3.1. Overview of YOLO11
Building upon the classic Backbone–Neck–Head architecture, YOLO11 (as shown in
Figure 1) introduces significant innovations that achieve steady progress in real-time generic object detection. It achieves an optimal balance between accuracy, inference speed, and computational efficiency through novel network architecture designs and advanced training methods.
The backbone is designed for hierarchical multi-scale feature extraction from input images. Its architecture primarily comprises three key components: CBS blocks, C3K2 modules, and a SPPF module.
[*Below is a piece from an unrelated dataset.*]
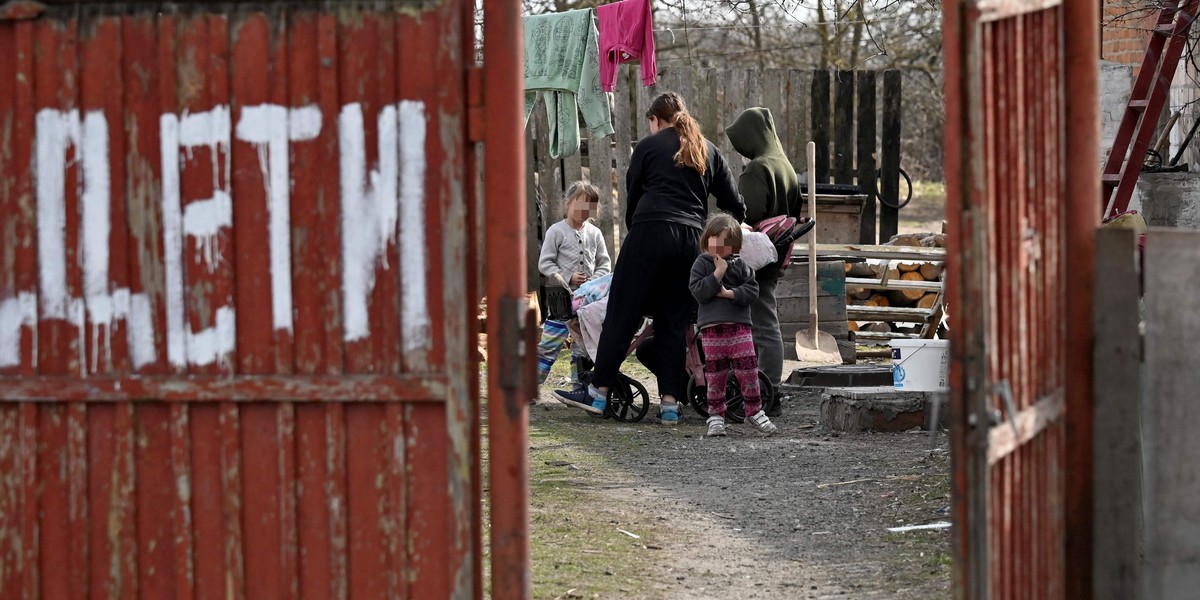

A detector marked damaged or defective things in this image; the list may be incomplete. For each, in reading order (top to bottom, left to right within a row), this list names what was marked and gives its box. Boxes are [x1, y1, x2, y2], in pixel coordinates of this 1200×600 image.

rusty red gate [0, 2, 528, 596]
rusty red gate [944, 0, 1104, 596]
The CBS block, composed of Convolution, Batch Normalization (BN), and SiLU, serves as a fundamental unit that performs feature transformation and downsampling. Its integrated BN layer and SiLU activation function ensure stable training and expressive feature maps. These features are subsequently processed by the C3K2 modules, which optimize information by splitting feature maps and applying grouped convolutions. The modules can enhance feature representation capacity and computational efficiency. Finally, the SPPF (Spatial Pyramid Pooling Fast) module leverages multiple parallel max-pooling operations with varying kernel sizes to aggregate rich multi-scale contextual information. This effectively improves the model’s ability to recognize objects across different scales without compromising its real-time inference speed.
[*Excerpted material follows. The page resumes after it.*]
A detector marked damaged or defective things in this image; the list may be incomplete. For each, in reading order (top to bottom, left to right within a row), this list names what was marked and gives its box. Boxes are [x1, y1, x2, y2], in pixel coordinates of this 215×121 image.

The neck predominantly employs the classic path aggregation network-feature pyramid network (PAN-FPN) structure, which augments the conventional FPN by incorporating an additional bottom-up path. This pathway effectively reintegrates low-level spatial features with high-level semantic features, thereby enhancing the detection accuracy through multi-dimensional features. Notably, a C2PSA module is introduced prior to feature fusion to leverage attention mechanisms for guided integration. The C2PSA module utilizes multiple parallel attention mechanisms alongside feedforward networks, significantly improving global feature modeling capability. This design enables the network to better capture long-range dependencies and complex nonlinear interactions, ultimately strengthening feature representational power and increasing architectural flexibility across diverse application scenarios.
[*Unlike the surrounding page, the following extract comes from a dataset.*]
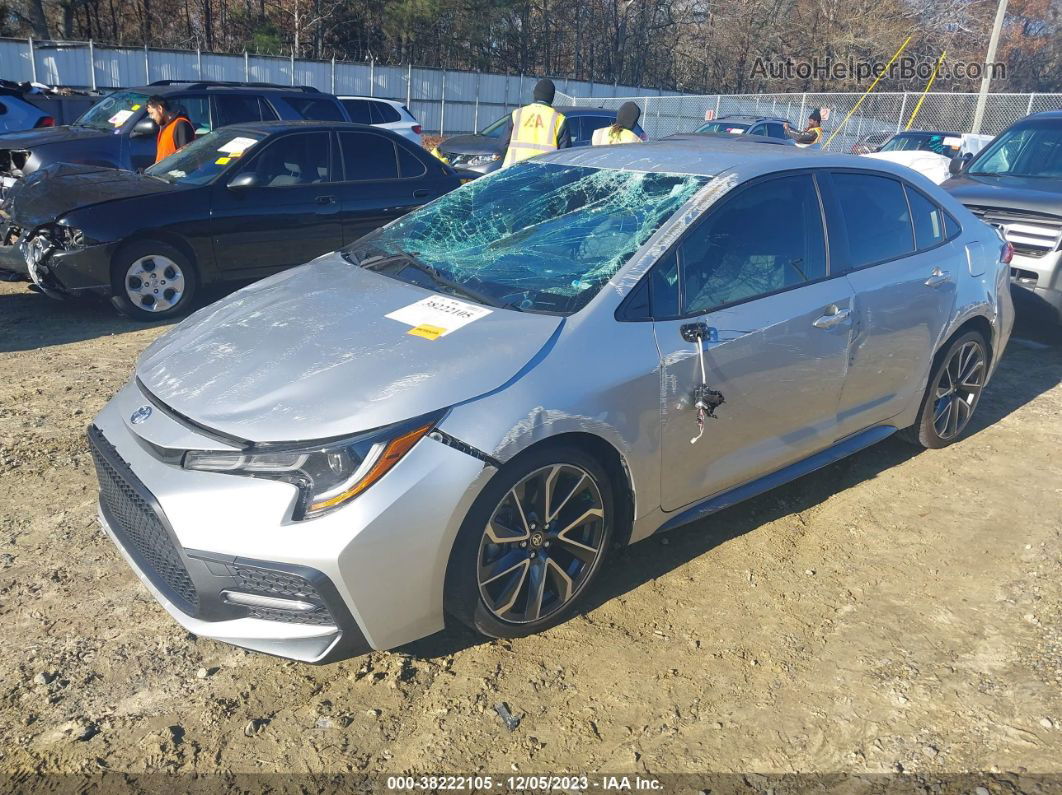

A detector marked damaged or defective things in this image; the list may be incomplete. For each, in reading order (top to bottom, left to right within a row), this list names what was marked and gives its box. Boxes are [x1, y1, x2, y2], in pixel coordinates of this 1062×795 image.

The detection head is responsible for generating the final predictions, which consist of bounding box coordinates, dimensions, and class probabilities. In the classification branch, depthwise convolution (DWConv) is employed in place of traditional convolution, reducing the number of parameters while preserving accuracy, thereby enhancing the computational efficiency of the model. The regression branch incorporates both standard convolution and deformable convolution to refine the localization performance and improve the accuracy of bounding box predictions. Overall, YOLO11 achieves a superior balance between detection performance and computational efficiency through its refined architectural design and optimized training pipeline.
3.2. Overview of the LHA-YOLO Architecture
Despite its state-of-the-art performance on generic object detection benchmarks, YOLO11 exhibits insufficient feature representation capabilities when applied to small-object detection in UAV images. This paper proposes LHA-YOLO as shown in
Figure 2, a novel framework to overcome these shortcomings. The key research objectives include: designing a dedicated attention mechanism to effectively extract and enhance features of small objects; improving the feature pyramid network to achieve more efficient multi-scale feature fusion, facilitating the integration of deep semantic information with shallow spatial details; and incorporating strategies that enhance detection accuracy while maintaining high computational efficiency.
In the backbone network, our architecture retains the five feature extraction stages and the SPPF module from YOLO11. With the exception of the first stage, each feature extraction block primarily consists of CBS and Lightweight Feature Extraction Module (LFEM). The LFEM is composed of a convolutional layer, n repeated Multi-Dimension Feature Representation (MDFR) blocks, and a set of residual connections. It is designed to effectively extract and enhance features of small objects while maintaining high computational efficiency.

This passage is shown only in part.